Yes, that was very much. I can’t write a book unless it’s got a place in it. The problem with The Destructives is that I hadn’t been to two of the places in it, Europa and the moon. So I just had to kind of use research to replicate that. The more I got into the moon, the more I felt like, the… Do you know the concept, the sublime in nature? Wordsworth and Coleridge and the rest of the romantic poets, when they looked out on the mountains, it’s a sense of nature, the feeling it gives you, a mountain, it’s almost like you’re apprehending something so large, so much larger than you it’s something close to death.

And so, I thought what I’ll do is I’ll map that emotion of the sublime onto the solar system. Because the solar system is far more redolent of death because there’s nothing that’s alive there. And the sky is completely black and everything is dead and destroyed and pulverised around you. And so I just kind of took that sublime, notion of the sublime, poetry of the sublime, and I first of all put it in the moon. And then I realised why I was attracted to Europa was the sense of like, all our culture is build out of looking up at the sun, looking up at this life giving force, and they would be looking up at the evil eye of Jupiter that the radiation would scorch them so they couldn’t look upwards, all their culture they’d have to go towards the core, that would be the life giving force. And that seemed like a fun sort of science fiction extrapolation to imagine culture that was inward and depth focused rather than aspiring up to a god, the sun. But I was concerned that, writing it, because I didn’t have these substrates, these real experiences of place that bits of the book would sort of feel untethered. So I ended up using bits of Hackney in the asylum malls, to make it feel more grounded.

The Destructives portrays a humanity with nowhere to go, as the Emergences are the ones moving out into space while people are stuck in a weird retrofuture, constantly recycling old ideas about what our future looked like when we thought we had agency. Is there something of this happening now with our current fixation on nostalgia culture?
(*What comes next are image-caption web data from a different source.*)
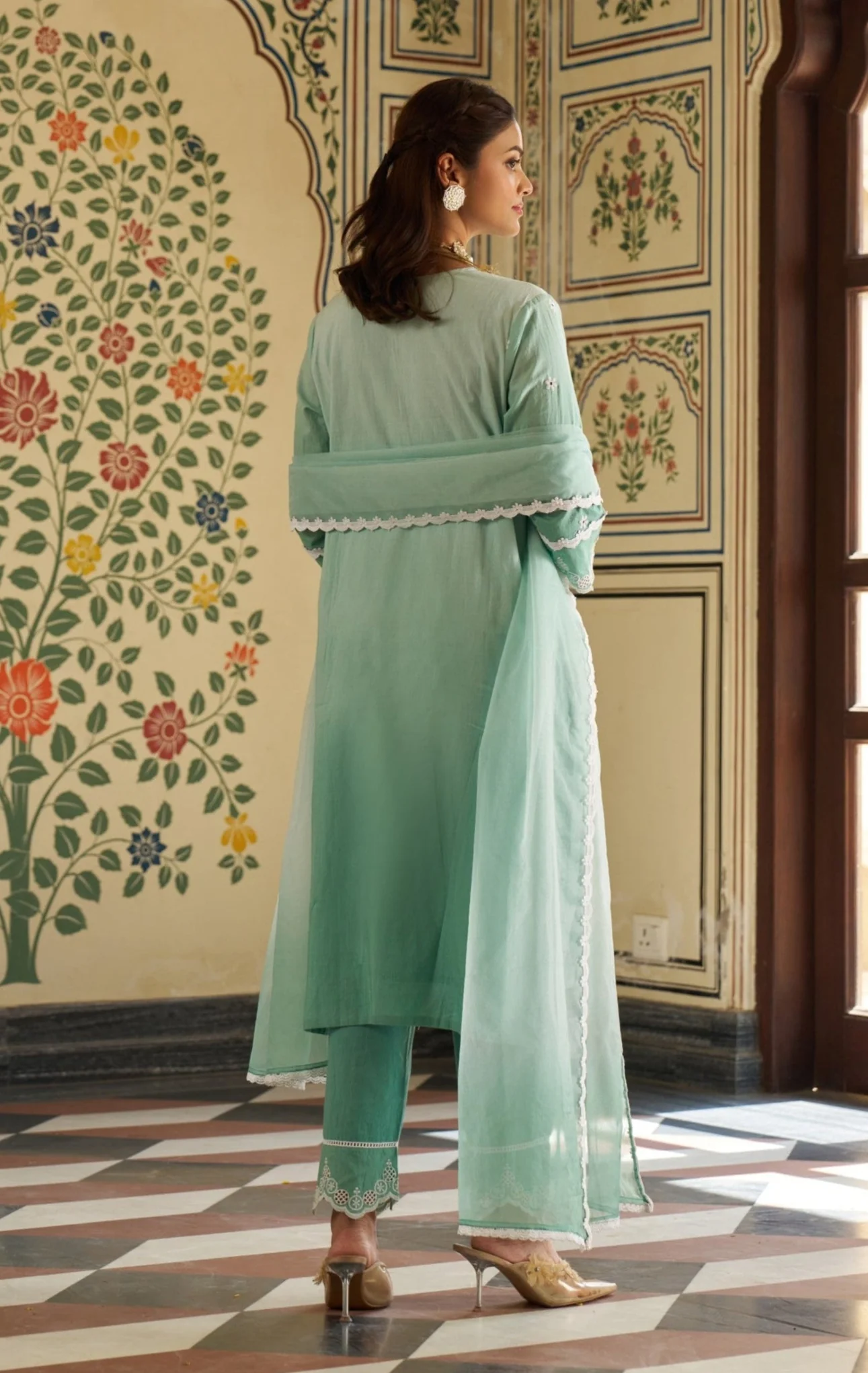 Anumeha Pine Shchiffli Embroidery Cotton Suit set - Image 3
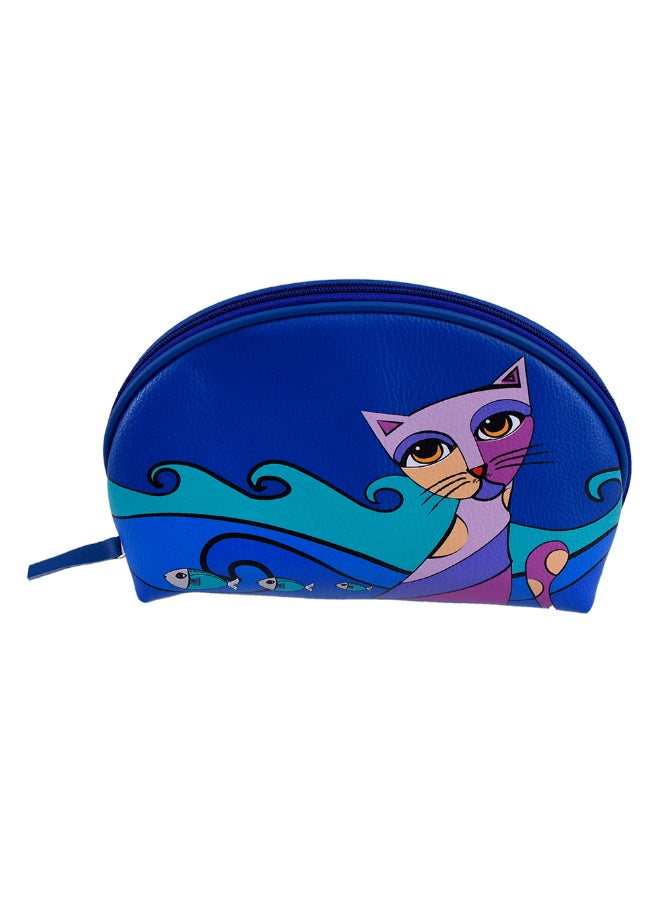 Biggdesign Owl Printed Cosmetic Bag Blue - Image 1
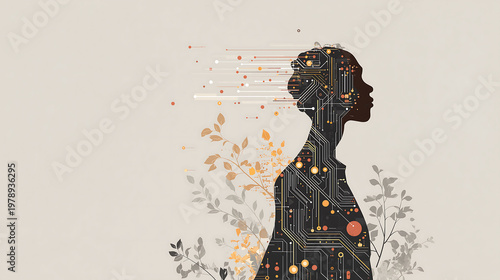 AI Woman Silhouette Circuit Concept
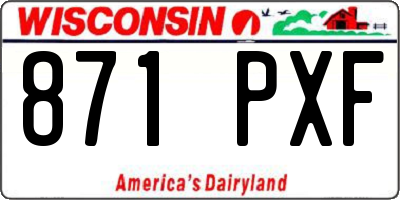 WI license plate 871PXF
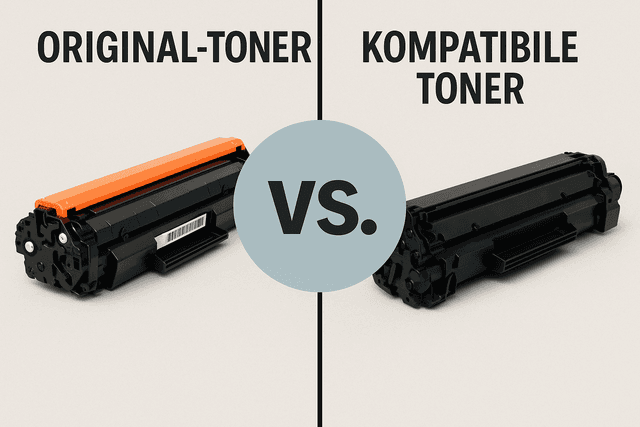 Man and woman putting toner cartridges into a recycling bin with a globe in the background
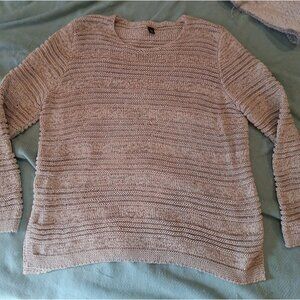 Dana Buchman Women's XL Pullover Crew Neck Sweater Cobblestone Beige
You’re right, it’s obviously a society without agency. And The Destructives is as you said, deliberately the Emergences leave behind replicas of science fiction from the past in order to keep them all happy. And so it was really my response in a way to the science fiction genre. Which contains both relics of its past that are left around to keep people happy as well as continuing yearnings towards otherness and transcendental experience and experimentation at the same time. And I felt bad when for the first time allowed myself to write in a genre way, to take pleasure in that, and I got really battered for it by the critics. I wanted to take the licence that some of the science fiction writers had done in writing really quickly and just sort of having genre pleasures in it, cause I do read Marvel comics as well.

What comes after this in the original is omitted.